3. Solar PV or solar hot water systems save you money on your electricity or natural gas bill and act as a hedge against future price increases. Solar power systems can provide owners with fixed energy costs.
4. A growing solar industry provides local jobs and economic development opportunities for states and regions.
5. Using solar PV power helps your community by reducing electricity demand and providing additional electricity for the grid when you generate more than you use during the day, when the demand is highest. [back]
Solar energy systems have very little impact on the environment, making them one of the cleanest power-generating technologies available today. While they are converting the sun’s rays into electricity or hot fluids, they produce no air pollution, hazardous waste, or noise. The more electricity and heat that we convert from the sun’s rays decreases our reliance and dependence on fossil fuels and on imported sources of energy. Finally, solar energy can be an effective economic development driver. [back]

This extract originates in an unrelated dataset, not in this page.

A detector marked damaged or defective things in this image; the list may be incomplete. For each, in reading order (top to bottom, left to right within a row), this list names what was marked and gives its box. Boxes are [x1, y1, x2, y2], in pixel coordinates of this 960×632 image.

Photovoltaic (PV) power systems convert sunlight directly into electricity. A residential PV power system enables a homeowner to generate some or all of their daily electrical energy demand on their own roof, exchanging daytime excess power for future energy needs (i.e. night time usage). The house remains connected to the electric utility at all times, so any power needed above what the solar system can produce is simply drawn from the electric utility. Solar energy technologies can plan an important role in providing an alternative source of electricity, energy, and back-up power for homes, offices, commercial and industrial buildings. It can relieve demand pressures for electricity off from the grid during peak usage, which usually correlates to peak daylight, especially in the warmer months when demand for air conditioning can sky rocket.

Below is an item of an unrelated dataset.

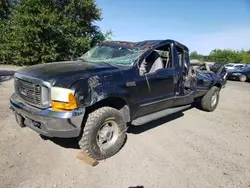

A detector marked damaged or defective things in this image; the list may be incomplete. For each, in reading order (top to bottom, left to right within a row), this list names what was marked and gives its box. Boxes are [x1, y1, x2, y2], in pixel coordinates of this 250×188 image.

Solar energy can also play an important role in lowering greenhouse gas (GHG) emissions by replacing coal-powered energy sources with clean, renewable solar PV technologies. These GHG emissions reductions will in turn improve air quality and lessen the harmful impacts that contribute to climate change.
Those who are putting solar on their homes, businesses or other buildings are making a difference. [back]
Sunlight is the world’s largest energy source and for thousands of years, it has been human civilization's chief source of light and heat. Today, solar energy technologies are being developed and refined to more effectively use the sun’s power for producing electricity (photovoltaics), as well as steam and hot water for industrial processes (solar thermal technologies). In less than an hour, the U.S. receives more energy in the form of sunlight than it does from the fossil fuels it burns in a year.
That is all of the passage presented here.